What you need to do -
Would it be possible to output exactly, and only, the lines below from the one holding "Pallets en plastique" to the last line, both included, with every picture left out?

====== The data

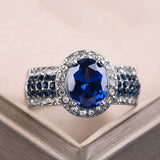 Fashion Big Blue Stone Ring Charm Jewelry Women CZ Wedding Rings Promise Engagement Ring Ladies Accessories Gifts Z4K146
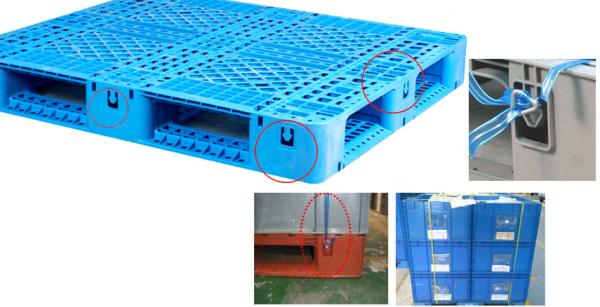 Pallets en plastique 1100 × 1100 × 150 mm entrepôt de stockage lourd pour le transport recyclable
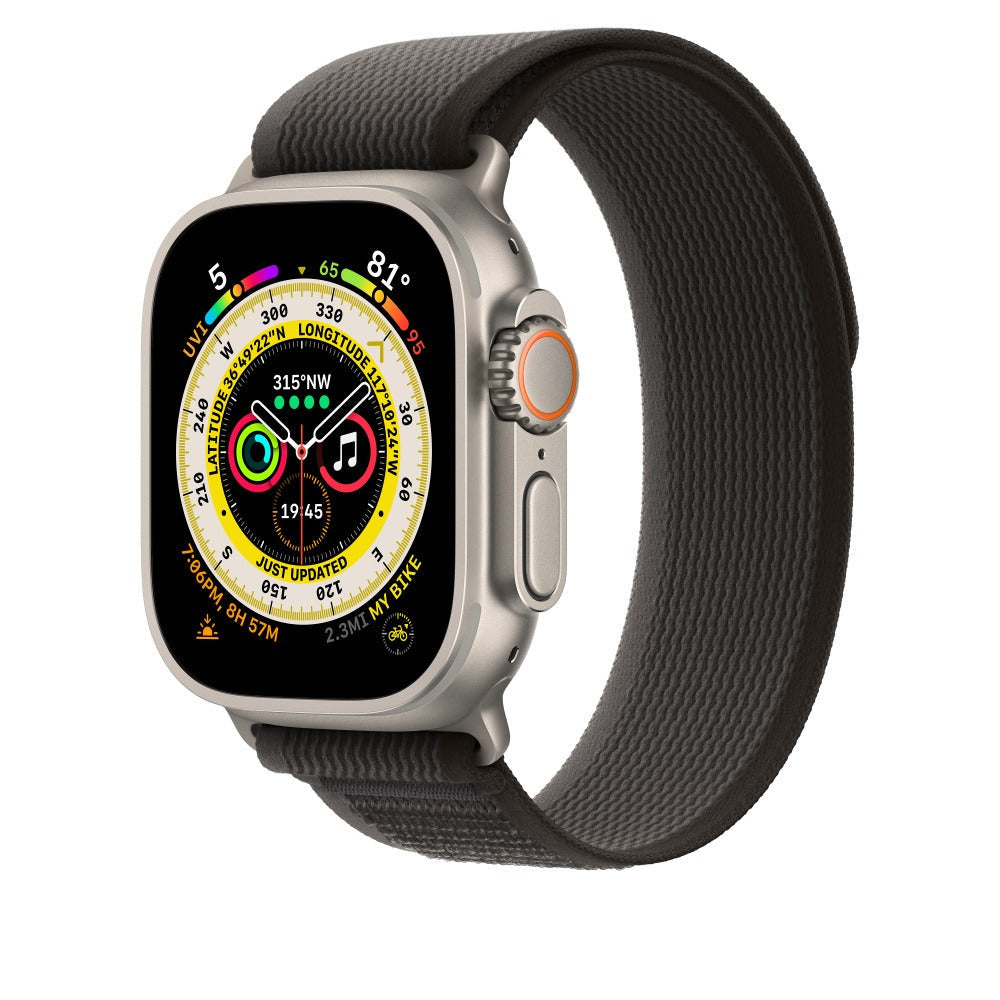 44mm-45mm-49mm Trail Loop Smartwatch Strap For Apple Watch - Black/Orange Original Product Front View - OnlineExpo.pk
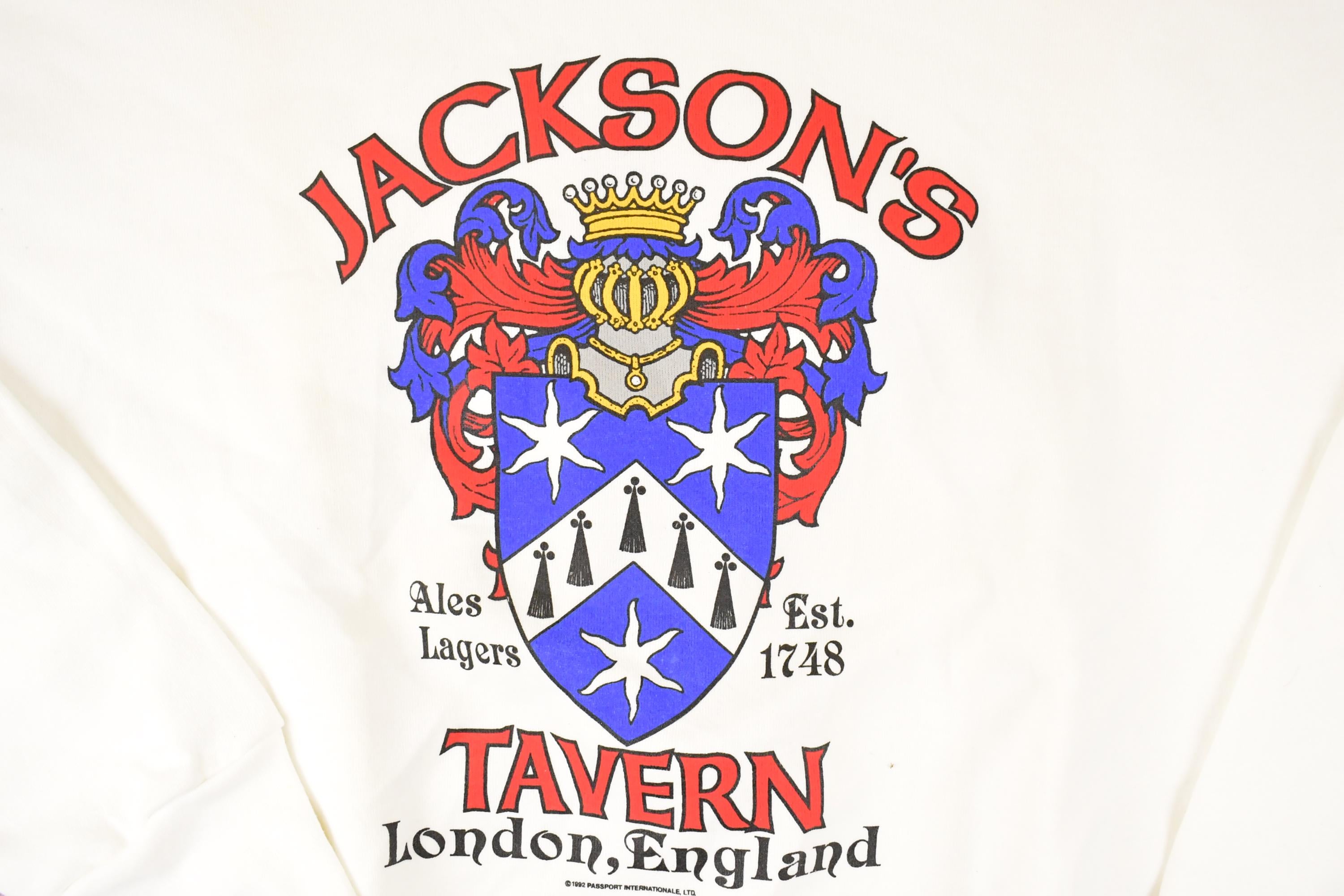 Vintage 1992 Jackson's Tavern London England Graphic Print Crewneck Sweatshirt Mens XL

============

Response to this task -
 Pallets en plastique 1100 × 1100 × 150 mm entrepôt de stockage lourd pour le transport recyclable
 44mm-45mm-49mm Trail Loop Smartwatch Strap For Apple Watch - Black/Orange Original Product Front View - OnlineExpo.pk
 Vintage 1992 Jackson's Tavern London England Graphic Print Crewneck Sweatshirt Mens XL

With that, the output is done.